Northern Pike on a Cold October Morning

 Erin and I chose a path to the water through the thick cattails before light. We had rigged our rods and even tied one big pike fly apiece the night before...and rose early. We donned waders for the drive and blasted the heat in the truck. There would be ice on our rods and guides this morning. It was 24 degrees. I led the way through the cattails, but not without turning to Erin and having a silent, moon-lit "go team!" high five. Once I reached the edge of open water I stripped off several feet of the seven-weight fly line, unhooked my five-inch pike fly and heaved a cast down the right bank. Tight to the weed line. Strip. Strip.That was it. Two strips and BOOM. A three-footer blew up on my fly like a car bomb buried in the cattails. The fish came completely out of the water with my fly in its mouth. I pulled back on the rod like a school girl backing away from a fresh booger. Meekly...and startled. And the pike came unbuttoned. I was in no way ready for that. So I stood there in the waist-deep water...the black silhouette image of the fish, upside down, tail in the air, burned onto my retinas.

Two more times that morning I would have similar experiences. All in tight to the cattails. All completely unexpected. All explosive and viscous. And, for whatever reasons, I could not hook or hang onto the fish. I would stop only to break ice from my guides that were impairing my ability to retrieve line, and to try to warm my hands. My back was aching from being hunched over, shivering...and I had burned two nasty, bleeding grooves into my right middle finger from gripping the line too tight as I stripped in line, cast after cast. My hand being too numb to feel the damage I was causing myself. Eventually I haul an errant cast deep into the cattails and break off my entire leader in the temper tantrum that ensues. But not before I hit Erin's fly rod with a sloppy back cast and break    two inches off the end of her 7-weight. Oh, shit...my bad! 

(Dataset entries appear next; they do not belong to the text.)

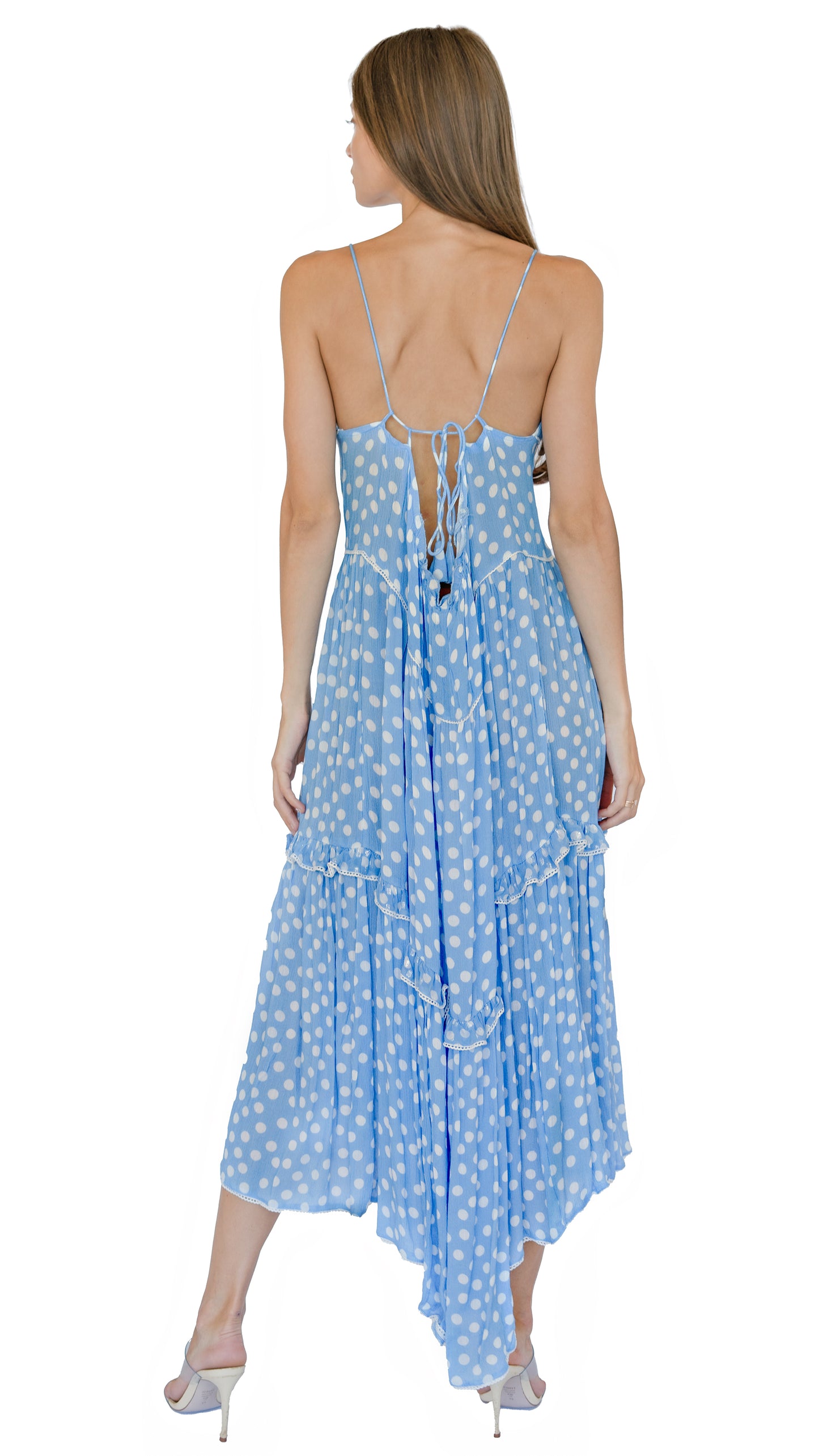 Sunday St Tropez long summer dress in blue with polka dot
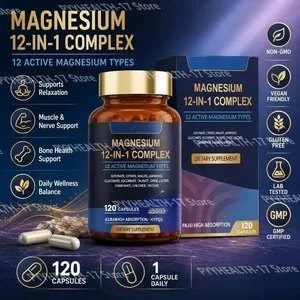 Magnesium 12-in-1 complexe capsules 12 actieve magnesiumsoorten Hoge absorptie Glycinaatcitraatvormen 120 capsules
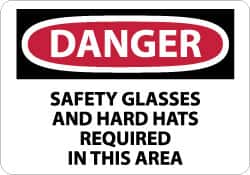 NMC - "Danger - Safety Glasses and Hard Hats Required in This Area", 10" Long x 14" Wide, Aluminum Safety Sign - Rectangle, 0.04" Thick, Use for Accident Prevention - Americas Industrial Supply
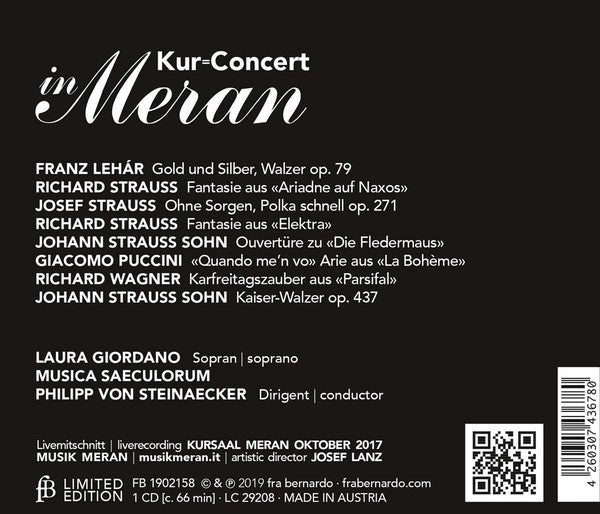 Musica Saeculorum, Richard Strauss, Giacomo Puccini, Richard Wagner, Franz Lehár : Kur=Concert In Meran (CD, Album)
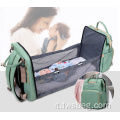 2022 Nuovo design pieghevole Mummy Mummy Multifunction Backpack Bed Out Mother and Baby Bag Diaper Zackpack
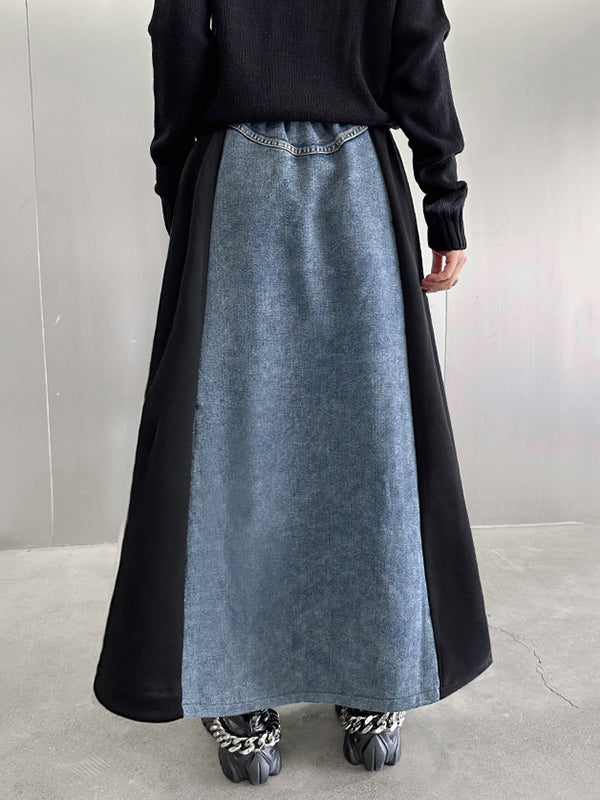 Contrast Color Drawstring Split-Joint Striped A-Line Loose Skirts Bottoms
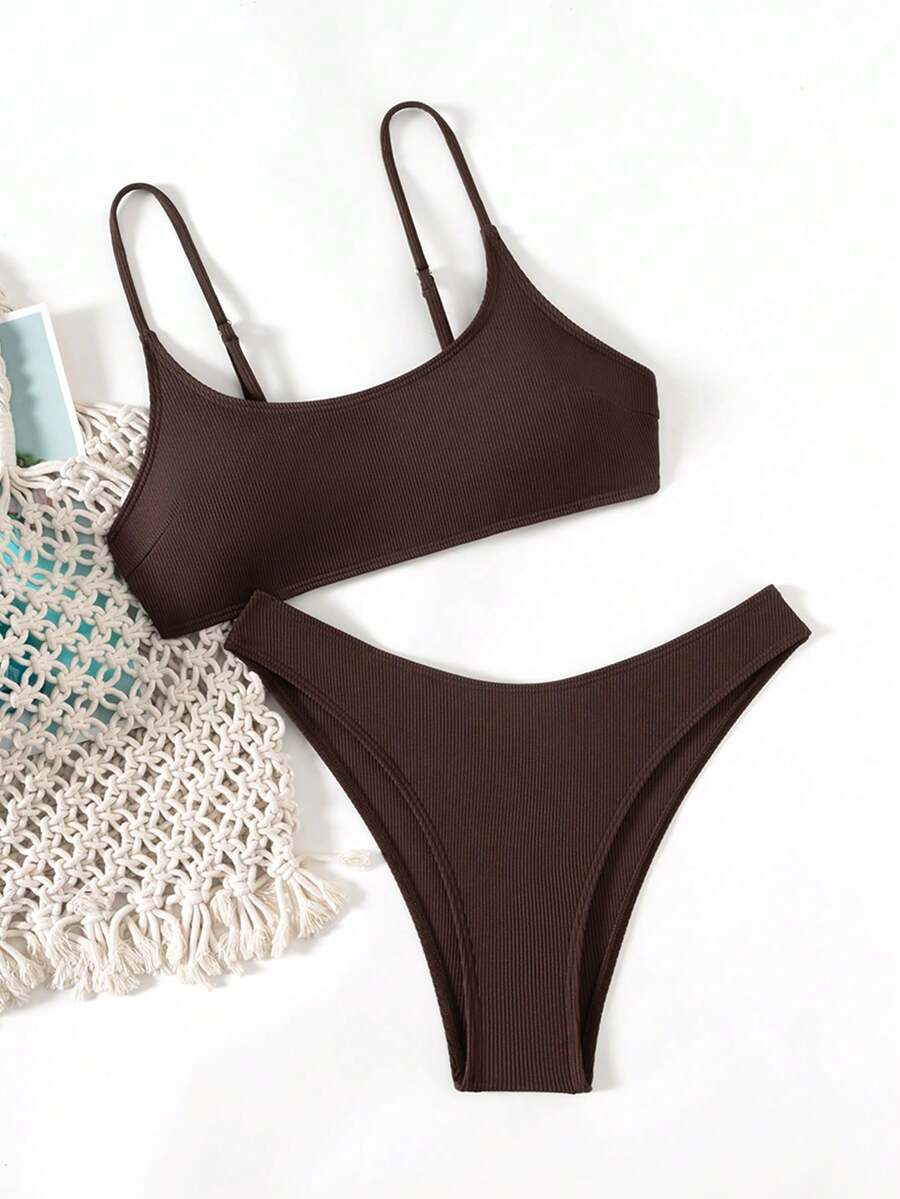 Apricot ribbed high waist two piece bikini swimsuit set for women featuring backless spaghetti strap top and high waisted bottoms.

I tuck back into a sunny spot in the cattails and do my best to re-rig a new leader and fly. Relinquishing the lead to Erin, who has been following me down the weed line. Can you manage to still cast that without the tip?  She nods and bombs a cast past me and dunks her fly right where I was hoping she would...and a pike attacks immediately! We are both too cold to properly celebrate  so we take a quick photo of the pikes head peering out of the inky, smooth water and shiver and smile at each other.  But I learn my place and let Erin take point. And I follow her...hand on the camera and pride hanging back on some random cattail stalk. And once the sun comes up we warm our hands and get some better photos. So, yeah...go team!